**What you have to do:** Would you please output only the lines from the one containing "To ensure a" through the end of the entries below, exactly as written?

Short web captions
━━━━━━━━━━━━━━━━━━━━
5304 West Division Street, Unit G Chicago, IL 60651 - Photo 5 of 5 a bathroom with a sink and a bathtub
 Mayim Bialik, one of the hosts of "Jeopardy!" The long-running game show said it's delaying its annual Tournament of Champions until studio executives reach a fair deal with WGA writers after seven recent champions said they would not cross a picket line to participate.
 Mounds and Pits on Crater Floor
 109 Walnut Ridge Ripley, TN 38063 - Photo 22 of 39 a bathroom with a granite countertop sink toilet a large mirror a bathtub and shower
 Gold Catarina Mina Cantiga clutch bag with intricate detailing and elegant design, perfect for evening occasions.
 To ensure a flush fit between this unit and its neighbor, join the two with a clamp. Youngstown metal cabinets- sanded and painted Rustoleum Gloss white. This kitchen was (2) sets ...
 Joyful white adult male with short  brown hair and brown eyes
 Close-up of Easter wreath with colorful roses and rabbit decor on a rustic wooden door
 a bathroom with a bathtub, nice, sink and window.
━━━━━━━━━━━━━━━━━━━━
**Finished task:**
 To ensure a flush fit between this unit and its neighbor, join the two with a clamp. Youngstown metal cabinets- sanded and painted Rustoleum Gloss white. This kitchen was (2) sets ...
 Joyful white adult male with short  brown hair and brown eyes
 Close-up of Easter wreath with colorful roses and rabbit decor on a rustic wooden door
 a bathroom with a bathtub, nice, sink and window.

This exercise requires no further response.